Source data
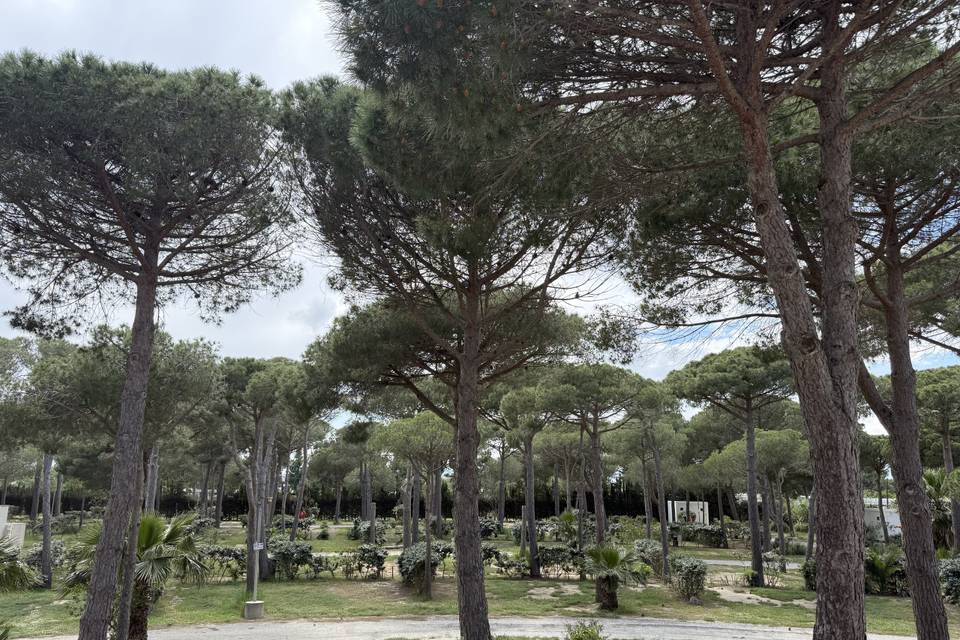 Pinède
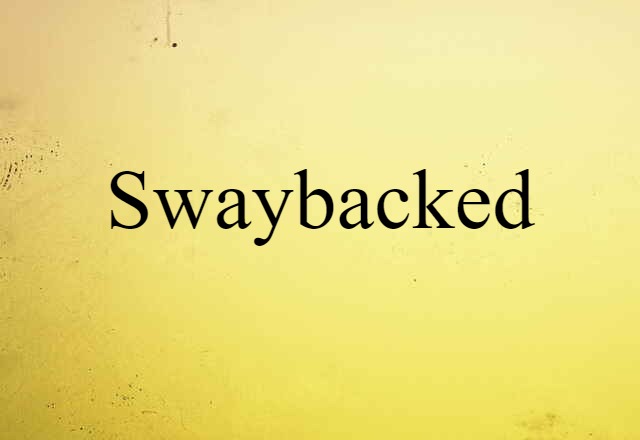 Swaybacked (noun) Definition, Meaning & Examples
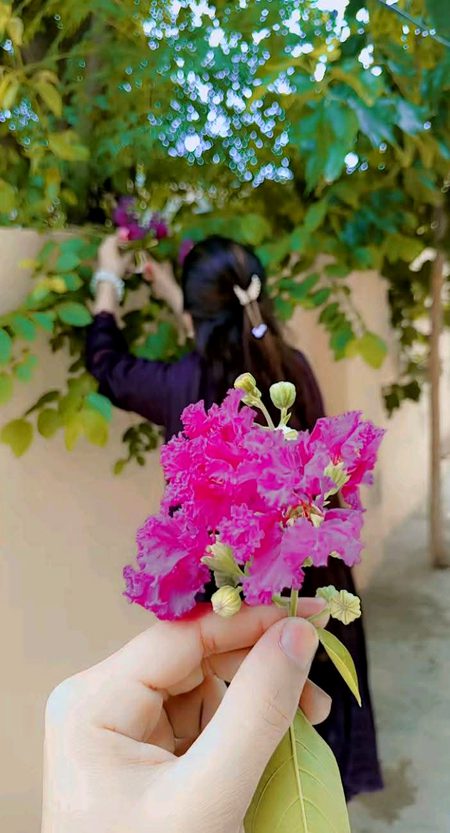 Beautiful Nature image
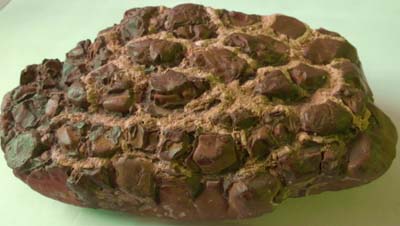 turtle stone, fragment of septarian boulder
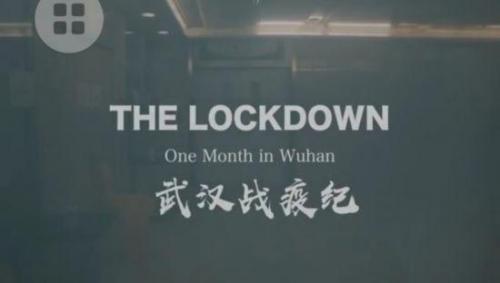 《武汉战疫纪》观后感大全
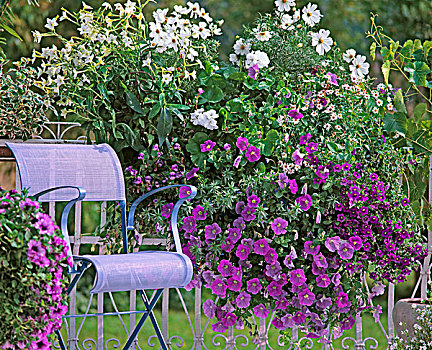 花,矮牵牛花属植物,靠近,椅子,露台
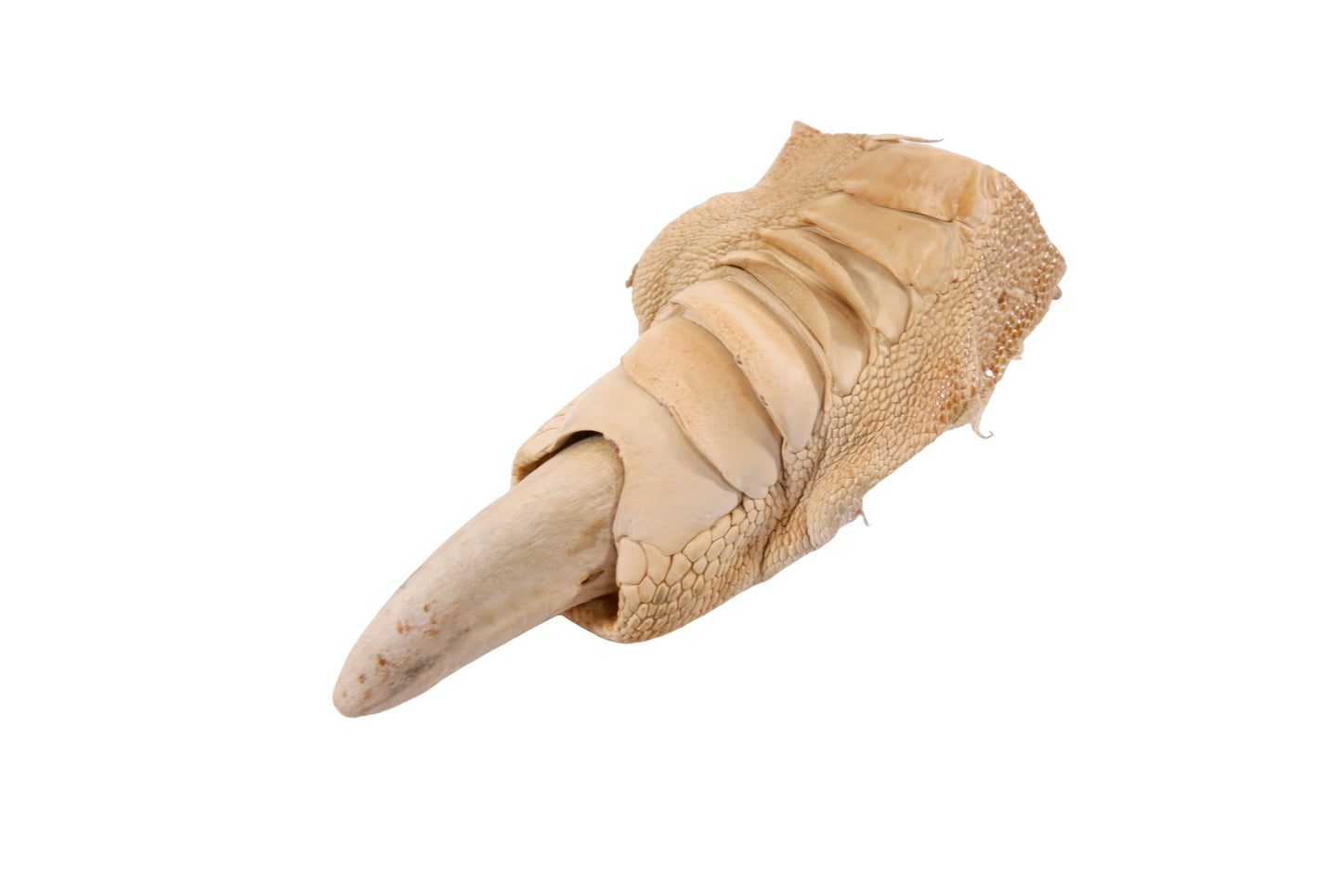 Genuine Ostrich Nail Claw Skin Leather Hide Pelt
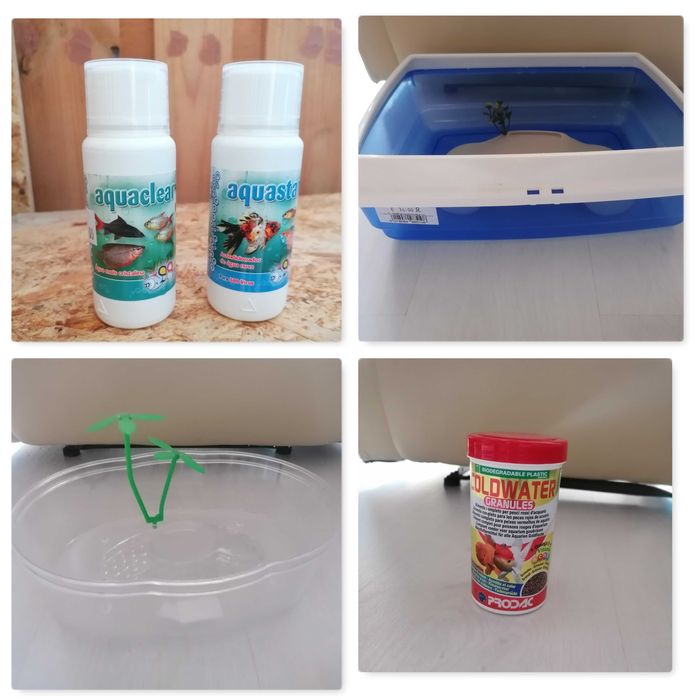 Alimentação e acessórios para roedores, peixes e aves MATERIAL NOVO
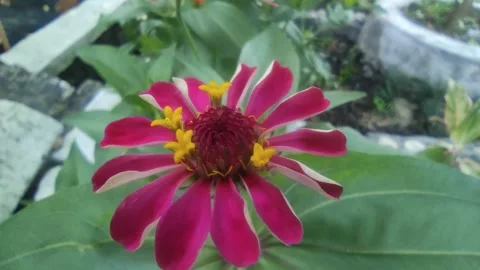 Red Flower Blooms Stock Footage 226322189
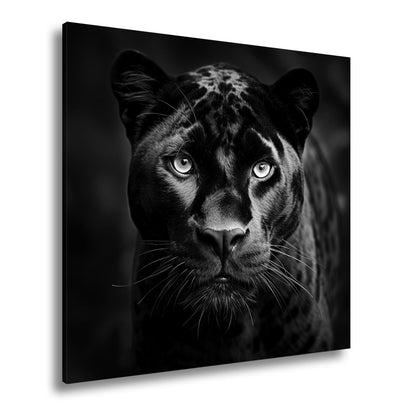 Leinwandbild Pantherblick – eisblaue Augen durchdringen die Dunkelheit. - deyoli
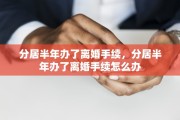 分居半年办了离婚手续，分居半年办了离婚手续怎么办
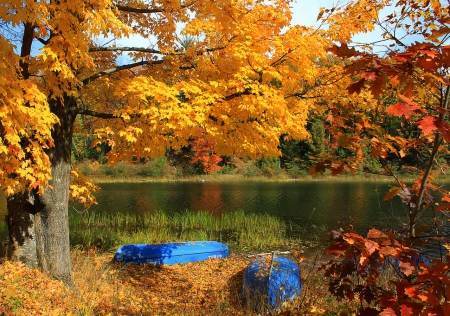 Boats by Autumn Lake - lakes, nature, boats, trees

_Task prompt_
Go to the line that contains "Red Flower Blooms Stock Footage 226322189" and copy exactly from there through the last line of the records above, both included. Omit pictures.

_Response to this exercise_
 Red Flower Blooms Stock Footage 226322189
 Leinwandbild Pantherblick – eisblaue Augen durchdringen die Dunkelheit. - deyoli
 分居半年办了离婚手续，分居半年办了离婚手续怎么办
 Boats by Autumn Lake - lakes, nature, boats, trees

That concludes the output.